A complaint filed earlier this week accuses Google of deliberately conspiring with device manufacturers to make its search engine the default on Android phones and tablets, thus driving up the cost of those particular devices.
The suit was filed Tuesday in the U.S. District court for the Northern District of California. It alleges that Google made agreements with manufacturers to require its suite of apps to be placed front-and-center on the Android operating system. It specifically refers to the Mobile Application Distribution Agreements (MADA) and references companies like Samsung and HTC and uses the HTC EVO 3D and Galaxy SIII.
“Because consumers want access to Google’s products, and due to Google’s power in the U.S. market for general handheld search, Google has unrivaled market power over smartphone and tablet manufacturers,” says the suit. It also suggests that Android devices would be cheaper if manufacturers didn't have to pay Google for better positioning in the market and that users would have more search options if it weren't for the embedded Google search integration. "[Consumers] do not know how to switch, nor will they go to the trouble of switching, the default search engine on their devices."
A Google spokesperson sent out a brief statement on the matter. "Anyone can use Android without Google and anyone can use Google without Android. Since Android's introduction, greater competition in smartphones has given consumers more choices at lower prices."

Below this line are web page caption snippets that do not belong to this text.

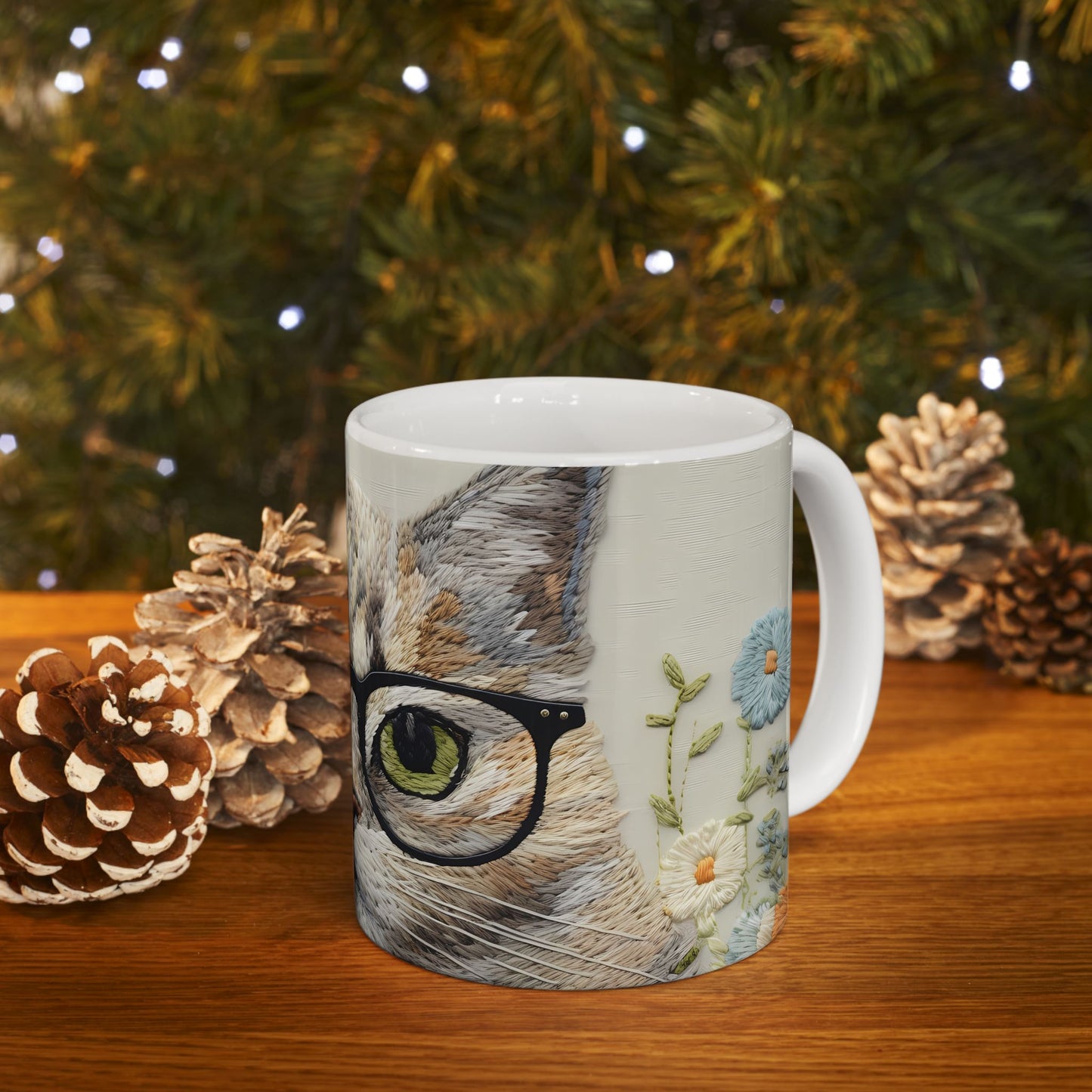 Artistic Mug - Felted Cat 5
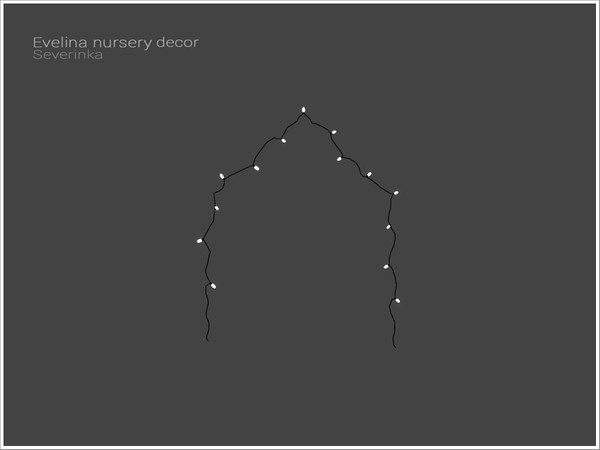 Sims 4 — [Evelina nursery decor] - garlang wall lamp by Severinka_ — Garlang wall lamp From the set 'Evelina nursery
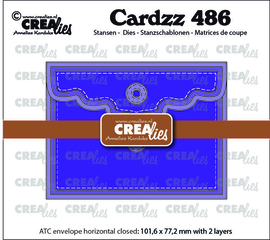CLCZ486 Crealies - Cardzz - ATC Envelop Horizontaal Paneel A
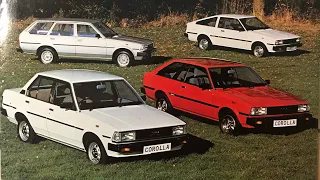 Toyota Corolla 4th Gen E70 - 1982 brochure review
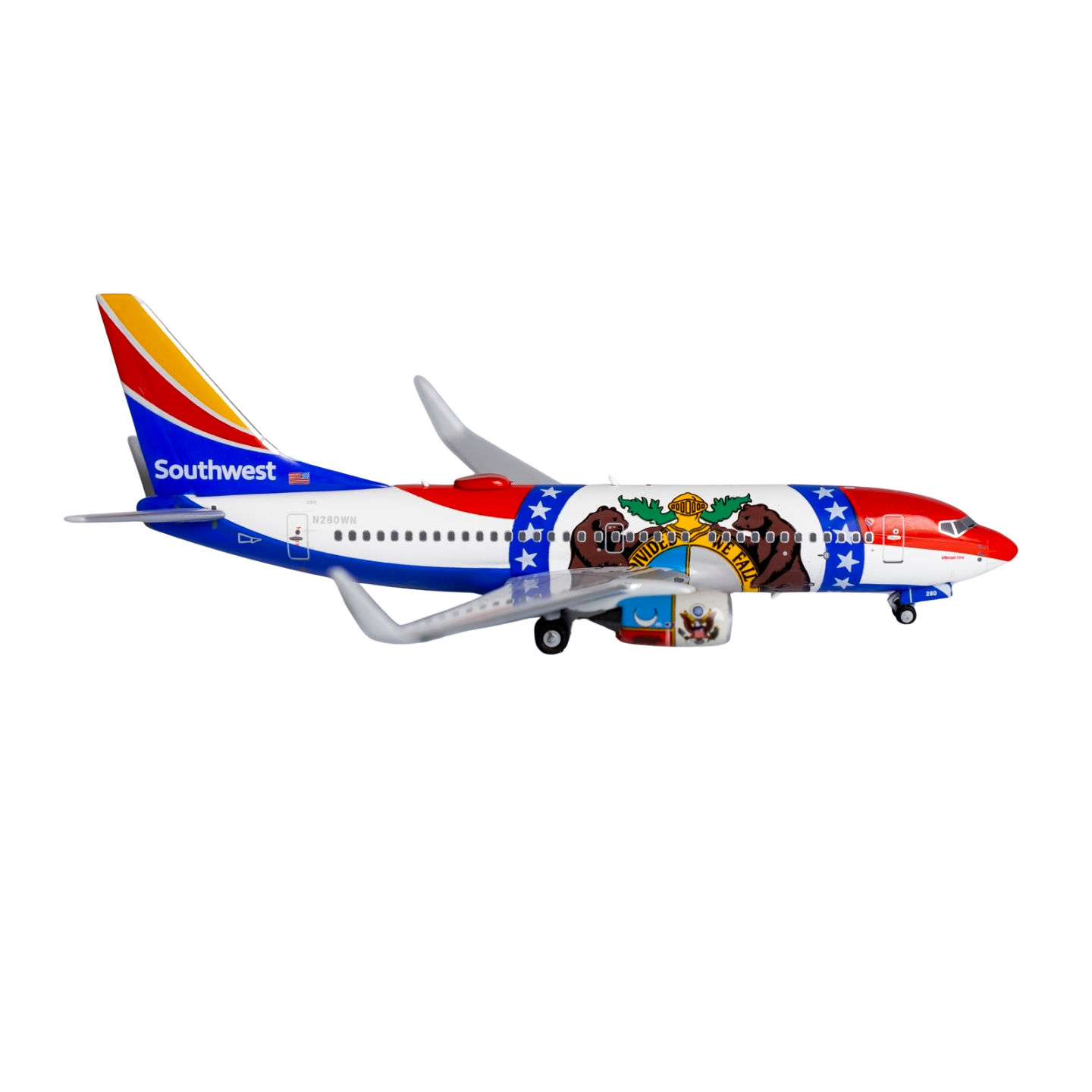 Southwest Airlines 737-700/w “Missouri One”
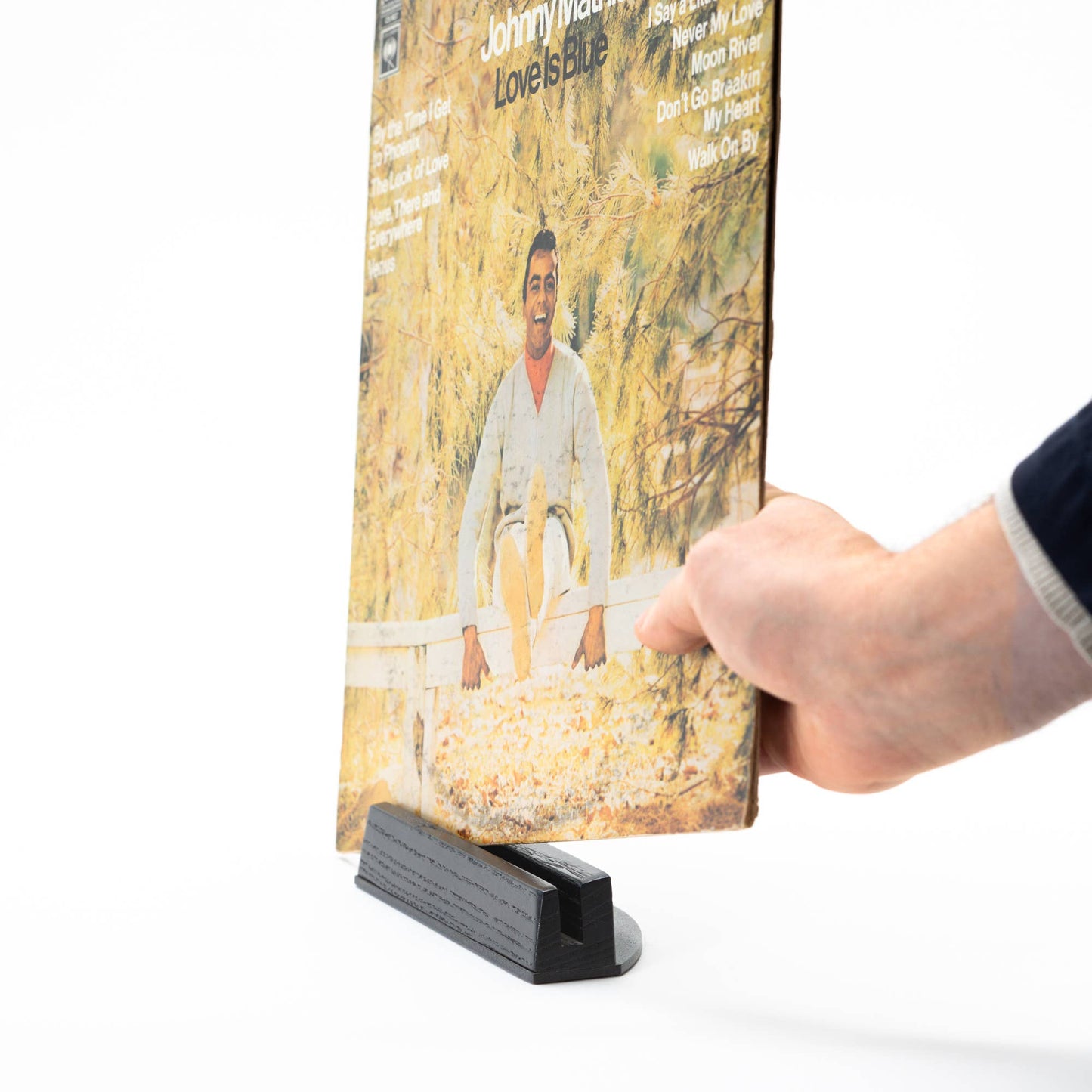 Vinyl Record Tabletop Stand: Walnut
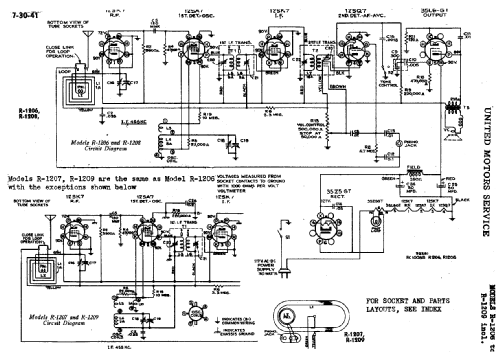 Delco R1206; United Motors (ID = 782289) Radio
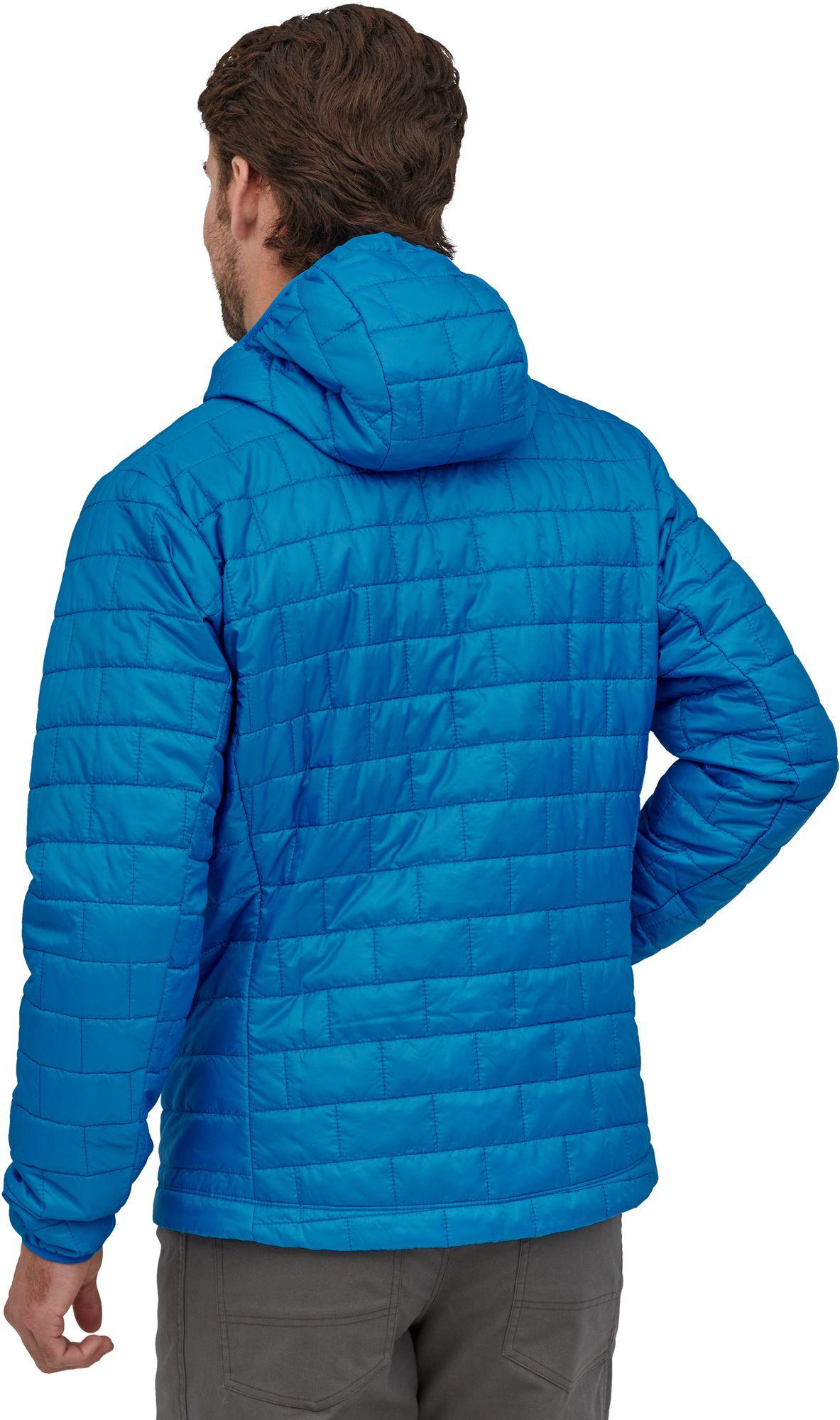 Patagonia Synthetic Nano Puff Hooded Jacket in Blue for Men Lyst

The lawsuit comes at an interesting time considering the fact that the next wave of low-end devices meant to help bring smartphones to emerging markets run Android. Granted, not all of them were developed in conjunction with Google—Nokia's X phone, for instance, is a completely independent venture. However, companies like HTC and Samsung do offer a myriad of sub-$200 devices that come standard with Google's app offerings.
It'll be interesting to see how this lawsuit pans out. Android is an open source mobile operating system, but in order for Google to stay relevant is has to be a part of the process in one way or another. The catch is that the inclusion of Google's suite of apps and search engine by default is in practice just as limiting to users as its competitors.